SOURCE DATA:
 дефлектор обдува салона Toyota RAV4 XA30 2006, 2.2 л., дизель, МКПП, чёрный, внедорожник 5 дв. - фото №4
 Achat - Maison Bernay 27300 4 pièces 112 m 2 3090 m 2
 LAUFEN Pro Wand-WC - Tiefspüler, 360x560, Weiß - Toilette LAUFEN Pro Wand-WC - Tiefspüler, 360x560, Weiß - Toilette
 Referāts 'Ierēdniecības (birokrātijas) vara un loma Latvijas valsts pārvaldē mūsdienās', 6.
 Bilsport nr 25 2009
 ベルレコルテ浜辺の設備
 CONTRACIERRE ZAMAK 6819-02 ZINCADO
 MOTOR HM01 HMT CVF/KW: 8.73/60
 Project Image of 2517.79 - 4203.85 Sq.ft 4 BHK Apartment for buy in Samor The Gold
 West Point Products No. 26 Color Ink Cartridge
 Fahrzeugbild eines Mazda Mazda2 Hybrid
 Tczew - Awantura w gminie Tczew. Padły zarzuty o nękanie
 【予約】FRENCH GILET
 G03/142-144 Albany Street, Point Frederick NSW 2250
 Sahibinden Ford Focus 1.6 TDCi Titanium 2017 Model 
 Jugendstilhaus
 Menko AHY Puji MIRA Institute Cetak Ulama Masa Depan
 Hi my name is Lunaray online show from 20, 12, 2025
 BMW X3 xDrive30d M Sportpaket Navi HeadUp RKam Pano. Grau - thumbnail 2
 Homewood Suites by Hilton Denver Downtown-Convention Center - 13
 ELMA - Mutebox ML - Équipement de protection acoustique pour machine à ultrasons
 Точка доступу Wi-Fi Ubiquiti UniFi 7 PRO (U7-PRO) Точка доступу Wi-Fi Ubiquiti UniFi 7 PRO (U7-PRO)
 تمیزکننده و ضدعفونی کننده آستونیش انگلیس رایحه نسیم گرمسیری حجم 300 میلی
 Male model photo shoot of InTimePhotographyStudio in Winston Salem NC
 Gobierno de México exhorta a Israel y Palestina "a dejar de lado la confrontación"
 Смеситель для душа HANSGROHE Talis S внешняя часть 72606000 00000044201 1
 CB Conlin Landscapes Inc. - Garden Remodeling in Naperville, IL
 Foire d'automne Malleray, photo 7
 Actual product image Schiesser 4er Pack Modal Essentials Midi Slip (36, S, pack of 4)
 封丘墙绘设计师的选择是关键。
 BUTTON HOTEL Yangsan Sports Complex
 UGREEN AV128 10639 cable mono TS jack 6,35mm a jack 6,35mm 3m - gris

WHAT NEEDS TO BE DONE: Everything in the listing above should be restated exactly.

FINISHED TASK:
 дефлектор обдува салона Toyota RAV4 XA30 2006, 2.2 л., дизель, МКПП, чёрный, внедорожник 5 дв. - фото №4
 Achat - Maison Bernay 27300 4 pièces 112 m 2 3090 m 2
 LAUFEN Pro Wand-WC - Tiefspüler, 360x560, Weiß - Toilette LAUFEN Pro Wand-WC - Tiefspüler, 360x560, Weiß - Toilette
 Referāts 'Ierēdniecības (birokrātijas) vara un loma Latvijas valsts pārvaldē mūsdienās', 6.
 Bilsport nr 25 2009
 ベルレコルテ浜辺の設備
 CONTRACIERRE ZAMAK 6819-02 ZINCADO
 MOTOR HM01 HMT CVF/KW: 8.73/60
 Project Image of 2517.79 - 4203.85 Sq.ft 4 BHK Apartment for buy in Samor The Gold
 West Point Products No. 26 Color Ink Cartridge
 Fahrzeugbild eines Mazda Mazda2 Hybrid
 Tczew - Awantura w gminie Tczew. Padły zarzuty o nękanie
 【予約】FRENCH GILET
 G03/142-144 Albany Street, Point Frederick NSW 2250
 Sahibinden Ford Focus 1.6 TDCi Titanium 2017 Model 
 Jugendstilhaus
 Menko AHY Puji MIRA Institute Cetak Ulama Masa Depan
 Hi my name is Lunaray online show from 20, 12, 2025
 BMW X3 xDrive30d M Sportpaket Navi HeadUp RKam Pano. Grau - thumbnail 2
 Homewood Suites by Hilton Denver Downtown-Convention Center - 13
 ELMA - Mutebox ML - Équipement de protection acoustique pour machine à ultrasons
 Точка доступу Wi-Fi Ubiquiti UniFi 7 PRO (U7-PRO) Точка доступу Wi-Fi Ubiquiti UniFi 7 PRO (U7-PRO)
 تمیزکننده و ضدعفونی کننده آستونیش انگلیس رایحه نسیم گرمسیری حجم 300 میلی
 Male model photo shoot of InTimePhotographyStudio in Winston Salem NC
 Gobierno de México exhorta a Israel y Palestina "a dejar de lado la confrontación"
 Смеситель для душа HANSGROHE Talis S внешняя часть 72606000 00000044201 1
 CB Conlin Landscapes Inc. - Garden Remodeling in Naperville, IL
 Foire d'automne Malleray, photo 7
 Actual product image Schiesser 4er Pack Modal Essentials Midi Slip (36, S, pack of 4)
 封丘墙绘设计师的选择是关键。
 BUTTON HOTEL Yangsan Sports Complex
 UGREEN AV128 10639 cable mono TS jack 6,35mm a jack 6,35mm 3m - gris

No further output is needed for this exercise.